Senior Editor, Lawrence Kaplan wrote, “Maybe it was a slip of the tongue. But, when Nancy Pelosi confessed last year that she felt "sad" about President Bush's claims that Al Qaeda operates in Iraq, she seemed to be disputing what every American soldier in Iraq, every Al Qaeda operative, and anyone who reads a newspaper already knew to be true. (When I questioned him about Pelosi's assertion, a U.S. officer in Ramadi responded, incredulously, that Al Qaeda had just held a parade in his sector.) Perhaps the House speaker was alluding to the discredited claim that Al Qaeda operated in Iraq before the war.”

Ironically even that charitable last out (the one about al Qaeda not having been in Iraq prior to the U.S./U.K. led invasion has been dispelled by George Tenet whose recent book claims that Abu Musab al-Zarqawi was operating in Iraq as early as May of 2002.

At any rate , Kaplan honestly assesses the possibilities in this way, “What is going on here? There are two possibilities: First, Reid and Pelosi could be purposefully minimizing the stakes in Iraq. Or, second, they don't know what they're talking about. My guess is some combination of the two. Political maneuvering certainly contributes to the everyday pollution of Iraq discourse. But a lot of the pollution derives from legislators being functionally illiterate about the war over which Congress now intends to preside. In this, of course, they're hardly alone.”

More perplexing still is these same Congressional Democrats non-reception of General Petraeus. Again, Kaplan explained, “During General Petraeus's visit to Washington last week, for example, House Democrats at first denied the Iraq commander an opportunity to brief them, citing "scheduling conflicts." And, when he finally did brief Congress, the evidence of progress that Petraeus was expected to present was dismissed before he even offered it. "He's the commander," Senator Carl Levin reasoned. "We always know that commanders are optimistic about their policies." The joke here, of course, is that Levin and his colleagues were not so long ago denouncing the Bush administration -- and rightly so -- for the sin of disparaging military expertise.”

Stranger still, is the fact that most of these Congressional Dems voted to confirm General Petraeus, who endorsed the surge, thus confirming Petraeus was, in effect, supporting the surge.

Even the Washington posts’ David Broder has taken Harry Reid to task for undermining his own plan for a diplomatic solution to Iraq.

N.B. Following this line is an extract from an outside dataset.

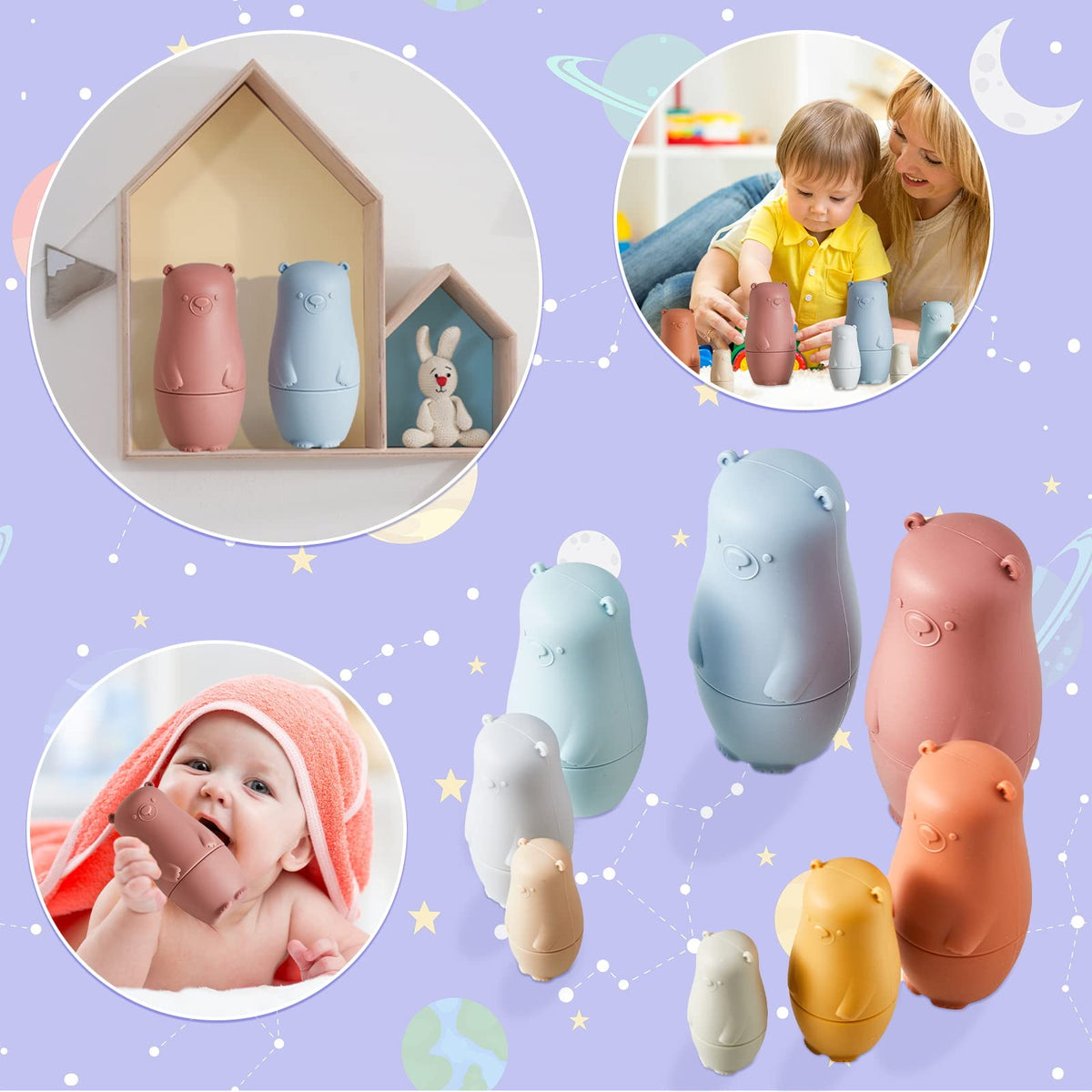 Chivao educational nesting dolls support fine motor and pattern practice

"Instead of reinforcing the important proposition ... that a military strategy for Iraq is necessary but not sufficient to solve the myriad political problems of that country, Reid has mistakenly argued that the military effort is lost but a diplomatic-political strategy can succeed." Nor is this the only reason to doubt the reasoning behind Reid's "diplomatic surge." To begin with, even if they were inclined to assist the American cause in Iraq, neither Iran nor Syria have much, if any, sway over Al Qaeda. Moreover, the violence in Iraq has its own, wholly internal logic. In fact, the one brand of diplomacy that truly matters in Iraq--the U.S. Army's tribal diplomacy, which accounts for the recent turn-around in Anbar Province--is precisely the mission that Reid's demand for a skeleton force would shut down.”

Lawrence Kaplan calls them “illiterate on Iraq,” and Broder calls Reid’s basic common sense into question.

Does it get any better and yet, at the same time, scarier than that?!